Apple on Wednesday announced a major change to its App Store policies, which will allow ‘reader apps’ to include a link to their own website to let users manage their accounts and even pay directly for subscriptions. This comes at a time when Apple is facing class actions suits for its mandatory cut on developer earnings.
Apple said it was making the change as part of the conclusion of an investigation by the Japan Fair Trade Commission (JFTC). Under Apple’s agreement with the JFTC, developers of ‘reader apps’ would be allowed to include in-app links to their websites for users to set up or manage an account. Apple says while the agreement was with the JFTC, it was implementing the policy globally.
In a statement, Apple has clarified that ‘reader apps’ includes all apps that provide previously purchased content or content subscriptions for digital magazines, newspapers, books, audio, music, and video. This means apps such as Netflix, Spotify, etc will be covered as well. Apart from being able to include an in-app link for users to purchase a paid account, developers can also avoid the 15-30% developer commission that Apple charges them.
When this policy comes into effect in early 2022, developers will have the ability to skip payments via the App Store and thus can avoid paying Apple a cut for all transactions.
Apple is however underlining how in-app purchases are still safer. “While in-app purchases through the App Store commerce system remain the safest and most trusted payment methods for users, Apple will also help developers of reader apps protect users when they link them to an external website to make purchases,” it said.
Also, while a Spotify can now let users set up their premium account from the iOS app itself without having to rely on Apple’s payment system, for gaming apps with options for in-app purchases, nothing really changes. In-app purchases in all other kinds of apps will still need to rely on Apple’s payment systems and hence be subject to the cut.
To charge users, app developers currently need to use Apple’s payment system for which Apple exacts a 15-30% commission. Apps such as Spotify, Epic Games (creator of Fortnite) have for long called these rules unfair.
The new policy gives concessions to media companies, which can allow paying customers to set up accounts from the iOS app itself and have an option to bypass Apple’s payment systems. The new policy allows these apps to introduce a link to an outside payment system at the time of setting up the account.
Spotify’s CEO and founder Daniel Ek tweeted: “This is a step in the right direction, but it doesn’t solve the problem. App developers want clear, fair rules that apply to all apps. Our goal is to restore competition once and for all, not one arbitrary, self-serving step at a time.
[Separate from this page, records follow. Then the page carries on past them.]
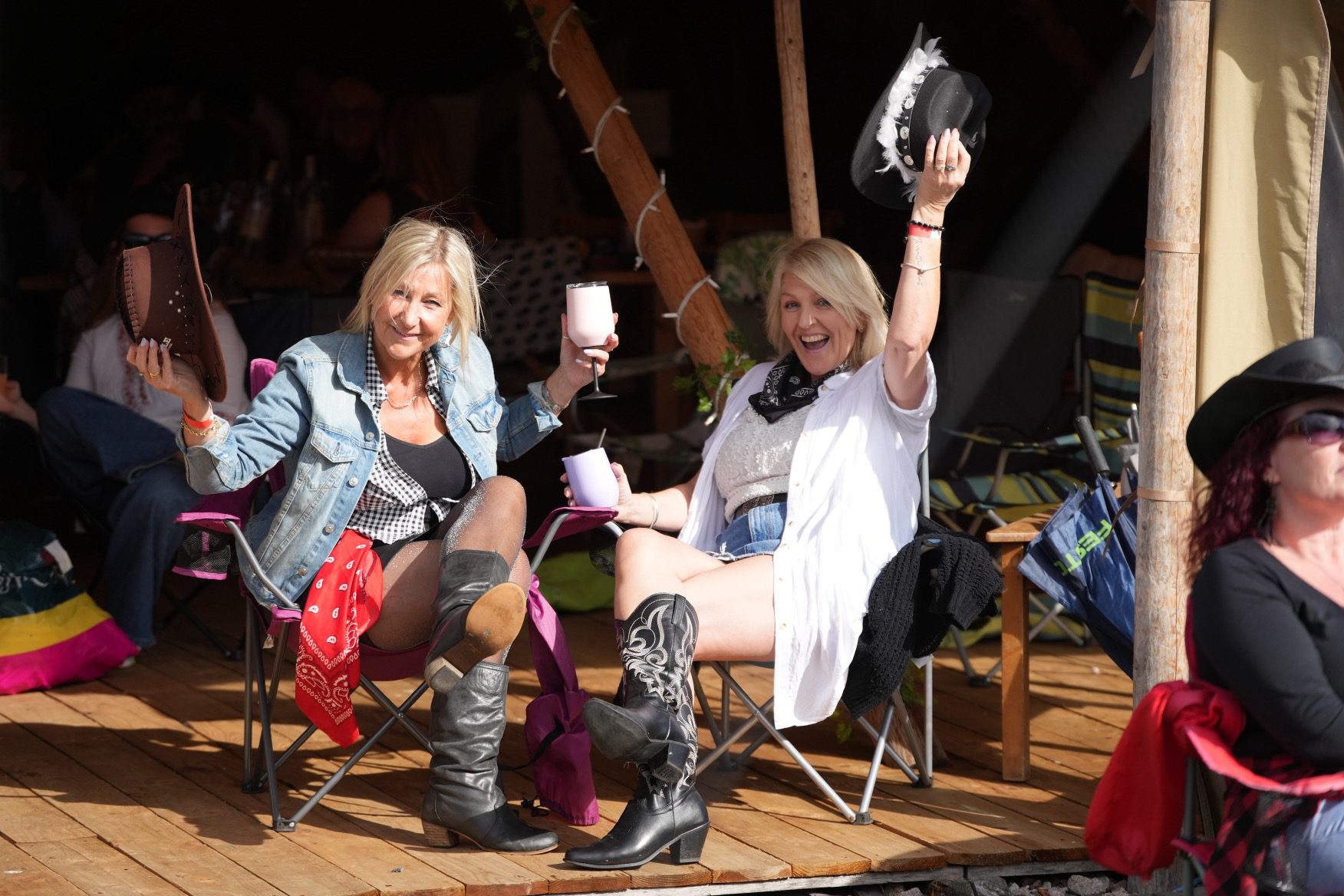 Festival crowd and live music at Nashville Days country music festival Bridge House Barn 12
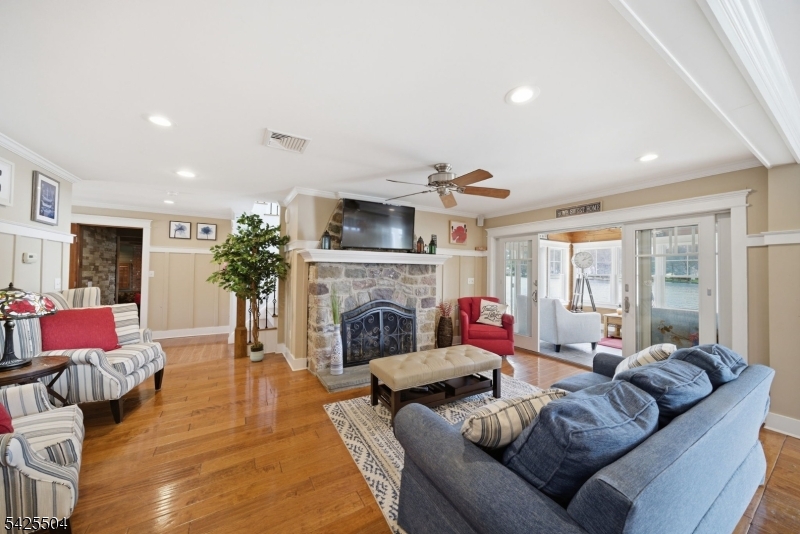 84 West Shore Road Denville, NJ 07834 - Photo 6 of 50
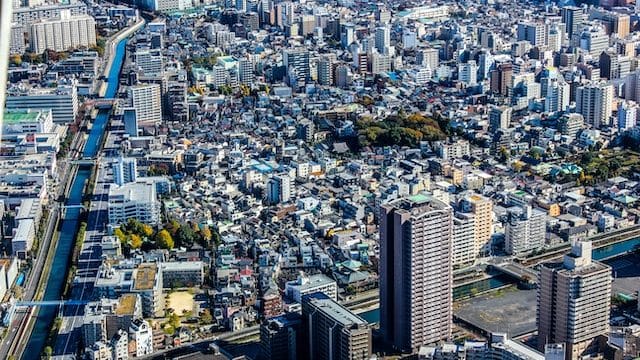 Vista della città di Tokyo dal ponte di osservazione dello Skytree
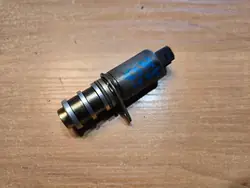 BMW Öljynpainosäätöventtiili OEM 7555201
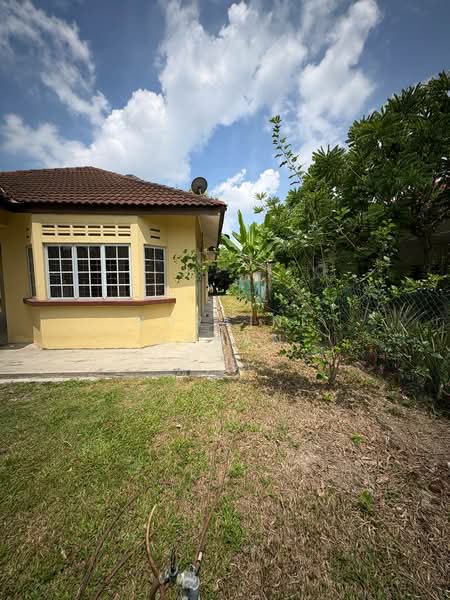 Bungalow for Sale in Bandar Mahkota Banting (Tanjong Duabelas) - Noraini Dahan - Exterior - PropertyGuru.com.my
We will continue to push for a real solution.” Spotify has held that Apple’s 30% commission is unfair given the company’s own Apple Music app is not burdened by such a commission.
This is a step in the right direction, but it doesn’t solve the problem. App developers want clear, fair rules that apply to all apps. Our goal is to restore competition once and for all, not one arbitrary, self-serving step at a time. We will continue to push for a real solution https://t.co/vzIoBpZQr1
— Daniel Ek (@eldsjal) September 2, 2021
Tim Sweeney, the founder of Epic Games which is suing both Apple and Google over their payment practices, has called it a “special deal” for these reader apps. Epic Games’ popular game Fortnite was pulled from the App Store when the company implemented changes to add its own payment systems bypassing Apple’s in-app purchase system.
Sweeney wrote, “In Apple’s carefully-worded statement on safety, it’s hard to discern the rationale that this is safe while Fortnite accepting direct payments remains unsafe…”
In Apple’s carefully-worded statement on safety, it’s hard to discern the rationale that this is safe while Fortnite accepting direct payments remains unsafe.
Even more so if Apple deems Roblox, a game from 2006-2021 that became “an experience” mid-trial, a reader app.
— Tim Sweeney (@TimSweeneyEpic) September 2, 2021
Apple (as well as Google) has been under scrutiny from governments and regulators across the world on their policies around app developers and payments. In India too, app developers have called the 30% commission unfair. Paytm’s Vijay Shekhar Sharma has called it a lagaan (tax).
In a victory for app developers, South Korea this week passed a Bill that allows developers to select which payment systems they prefer for in-app purchases. This will effectively allow them to bypass the cut imposed by both Apple and Google. According to CNBC, an Apple spokesperson said the Bill “put users who purchase digital goods from other sources at risk of fraud, undermine their privacy protections, make it difficult to manage their purchases and features like ‘Ask to Buy’ and Parental Controls will become less effective”.
In India, the Competition Commission of India is probing an antitrust case filed against Apple by a non-profit based in Rajasthan over the 30% commission.